◆ **Aim of the exercise**
Everything from the line containing "Gemengde bloemen - Klassieke" through the last line of the data below is to be retyped exactly, apart from the pictures.

◆ **Provided records**
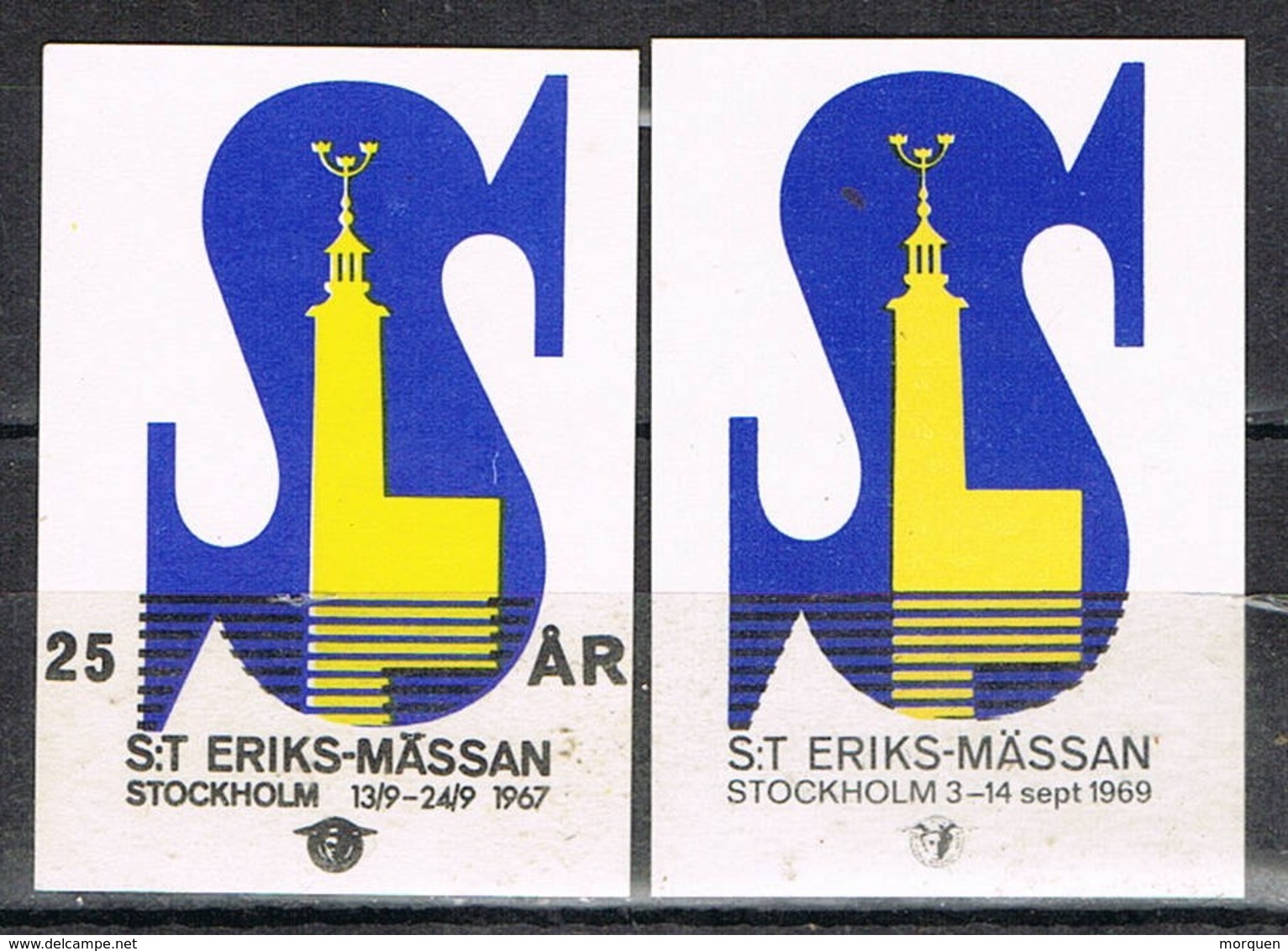 Viñeta, Label  ST. ERIKS MASSAN (Stockholm) Sverige  1967. Con Y Sin Sobrecarga * - Plaatfouten En Curiosa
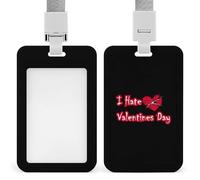 I Hate Valentine's Day - Divertido soporte para tarjetas de identificación con cordón para profesores, enfermeras y médicos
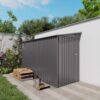 Metal Outdoor Storage Shed 4 X 9 Ft With Sloping Roof, Vents, And Side Door - Gray - Image 13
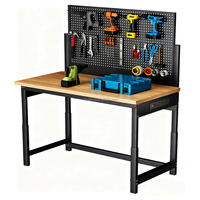 Table d'atelier robuste avec panneau perforé pour rangement d'outils, hauteur réglable, antistatique et antivol, OEM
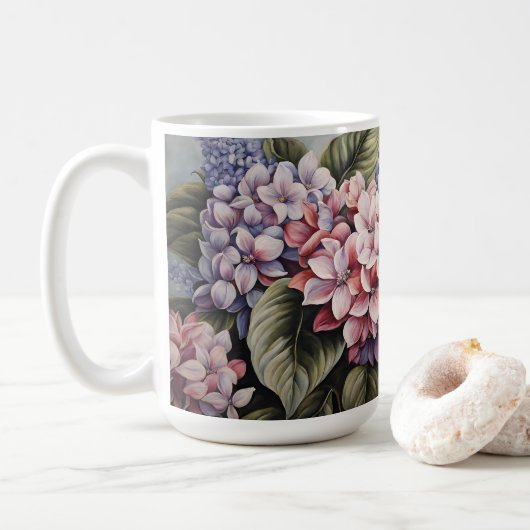 Gemengde bloemen - Klassieke pastelbloemen Koffiemok (Met donut)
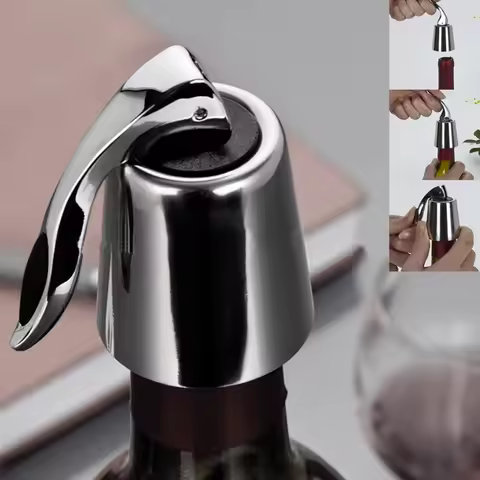 Stainless Steel Vacuum Sealed Red Wine Storage Bottle Stopper Sealer Saver Preserver Champagne Closu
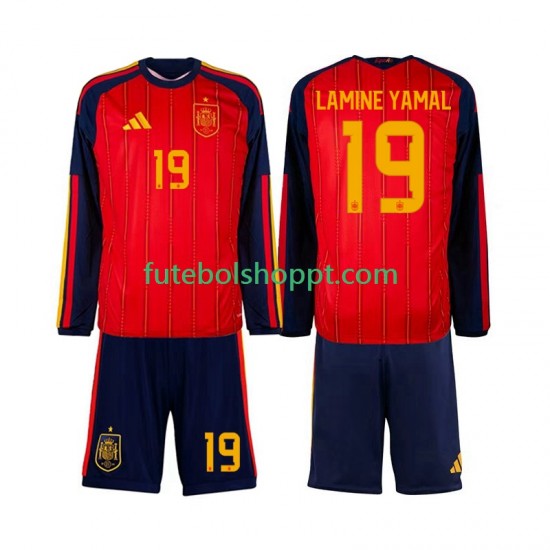 Camisola Júnior Espanha Lamine Yamal 19 Principais Equipamento Copa do Mundo 2026 Manga Comprida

◆ **Answer to this problem**
 Gemengde bloemen - Klassieke pastelbloemen Koffiemok (Met donut)
 Stainless Steel Vacuum Sealed Red Wine Storage Bottle Stopper Sealer Saver Preserver Champagne Closu
 Camisola Júnior Espanha Lamine Yamal 19 Principais Equipamento Copa do Mundo 2026 Manga Comprida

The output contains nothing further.